Inflation in the euro area is expected to be close to the ECB’s target of 2% over the projection. In particular, inflation in core services is projected to ease, reflecting modest growth in consumer demand, slowing wage growth and the dissipation of temporary effects related to sporting and cultural events in 2024.
China
Growth in domestic demand in China is projected to rise in the near term, bolstered by recent policy announcements. These announcements include spending vouchers for households, debt support for local governments and policies to stabilize the property sector. Exports grew at a rapid pace in 2024, mostly due to rising production capacity and falling prices for China’s manufactured goods. The prices of manufactured export goods are expected to stabilize, leading export growth to slow in 2025.
Later in the projection, economic activity eases as the impact of cyclical policy measures fades and structural challenges, such as an aging population, hold back growth.
Commodities
Oil prices have risen in response to tightened sanctions on Russian oil amid low global inventories (Chart 22). In addition, the Organization of the Petroleum Exporting Countries (OPEC) and OPEC+ members (OPEC plus some non-OPEC oil producers) have again delayed unwinding voluntary production cuts. Brent oil is assumed to average US$80 over the projection, higher than expected in the October Report.
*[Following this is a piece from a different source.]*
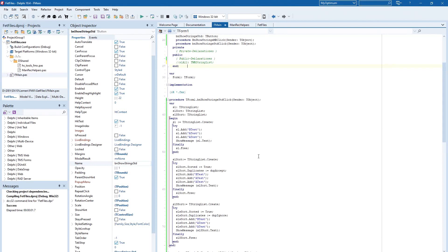Hello and welcome to my FireMonkey video blog. This topic today, optimize your workflow with managed records, is also valid for VCL and all other platforms.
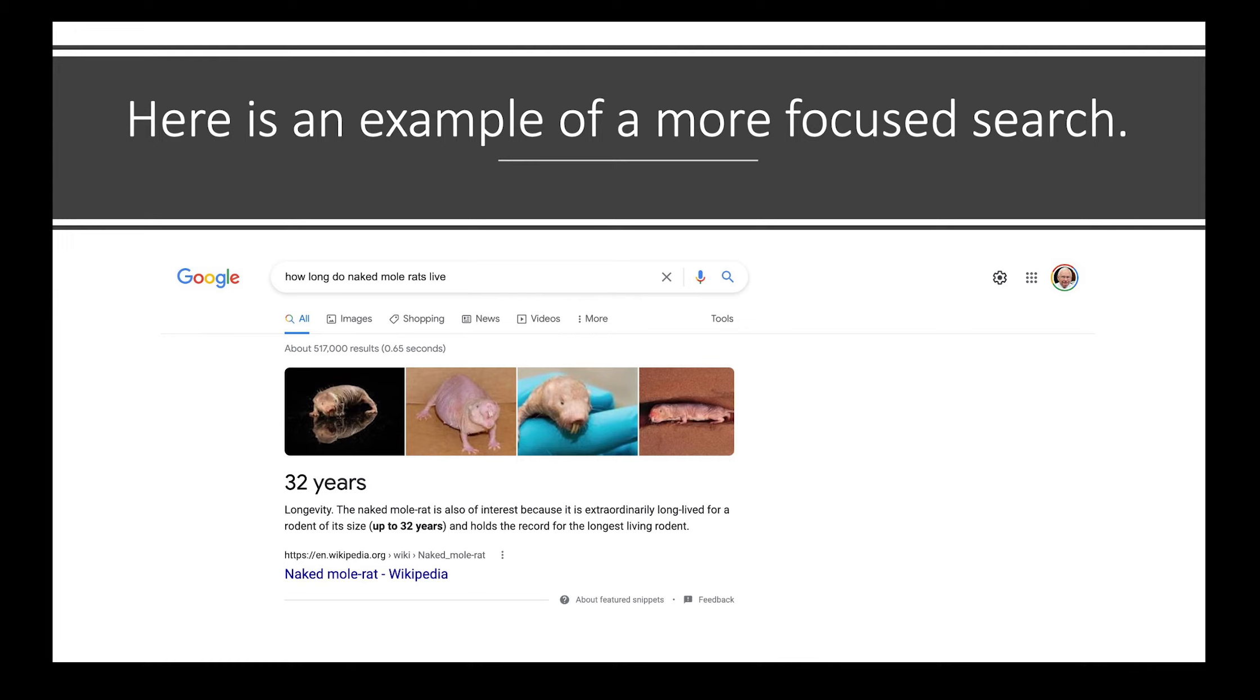For example, if you want to search for biological information about the naked mole rats, you might want to learn some biological terms to use for searching. You use the search results to give you additional information for future searches.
The Bank of Canada’s commodity price index excluding energy is largely unchanged (see Changes to the projection in the Projections section).
Financial conditions
Many global central banks have continued to reduce their policy interest rates as inflation has moved toward their targets. However, recent data and possible policy changes under the new US administration have led market participants to expect greater divergence in economic outlooks across countries.
In this context, changes in financial conditions have differed across countries. In the United States, markets now anticipate fewer policy rate cuts and that those cuts will come later than previously expected. This is partly due to ongoing strength in the economy and persistent inflation. In addition, market participants have begun to place some weight on potential policy changes under the new administration and their likely economic implications. These factors have supported a strong rise in US sovereign bond yields. Bond yields in most other advanced economies have either modestly declined since October, as in Canada (Chart 23), or have risen by less than in the United States, reflecting weaker growth and inflation prospects.
Chart 23: US bond yields have risen whereas Canadian bond yields have modestly declined since the October Report
Last observation: January 27, 2025
Equity market valuations in advanced economies have continued to rise. Measures of risk appetite have generally remained strong, with equity risk premiums and corporate credit spreads still low relative to historical levels.
The US dollar has continued to appreciate against most other currencies and recently hit an all-time high on a nominal trade-weighted basis. The value of the Canadian dollar has fallen against the US dollar to about 70 cents US but has remained more stable against a basket of other currencies (Chart 24).
Most of the recent strength in the US dollar appears to be due to an increase in the foreign exchange risk premium associated with holding non-US currencies. While the spread between US and Canadian policy rates has increased, Bank models suggest this has had only a modest impact on the Canada-US exchange rate. (See In focus: Recent drivers of the Canada-US exchange rate.)